→ **PROBLEM STATEMENT**: Exactly the lines from the start of the data below through the line containing "Samsung Galaxy A31" must be returned, and no others.
[Opening EXERCISE INPUT section]
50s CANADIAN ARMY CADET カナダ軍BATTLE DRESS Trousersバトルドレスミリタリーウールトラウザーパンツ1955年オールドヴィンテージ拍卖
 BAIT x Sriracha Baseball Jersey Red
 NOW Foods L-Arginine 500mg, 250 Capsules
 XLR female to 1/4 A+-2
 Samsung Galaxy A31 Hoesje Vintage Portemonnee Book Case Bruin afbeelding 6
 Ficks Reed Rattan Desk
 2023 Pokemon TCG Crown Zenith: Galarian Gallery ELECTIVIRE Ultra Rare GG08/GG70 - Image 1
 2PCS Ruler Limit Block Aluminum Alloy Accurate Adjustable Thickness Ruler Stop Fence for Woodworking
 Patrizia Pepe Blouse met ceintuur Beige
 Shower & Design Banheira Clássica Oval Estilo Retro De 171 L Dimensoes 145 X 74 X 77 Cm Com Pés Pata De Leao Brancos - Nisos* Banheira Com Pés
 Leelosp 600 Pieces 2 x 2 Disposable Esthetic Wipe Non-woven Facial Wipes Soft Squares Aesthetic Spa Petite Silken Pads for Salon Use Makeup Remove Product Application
[Closing EXERCISE INPUT section]
→ **RESPONSE TO THIS TASK**:
50s CANADIAN ARMY CADET カナダ軍BATTLE DRESS Trousersバトルドレスミリタリーウールトラウザーパンツ1955年オールドヴィンテージ拍卖
 BAIT x Sriracha Baseball Jersey Red
 NOW Foods L-Arginine 500mg, 250 Capsules
 XLR female to 1/4 A+-2
 Samsung Galaxy A31 Hoesje Vintage Portemonnee Book Case Bruin afbeelding 6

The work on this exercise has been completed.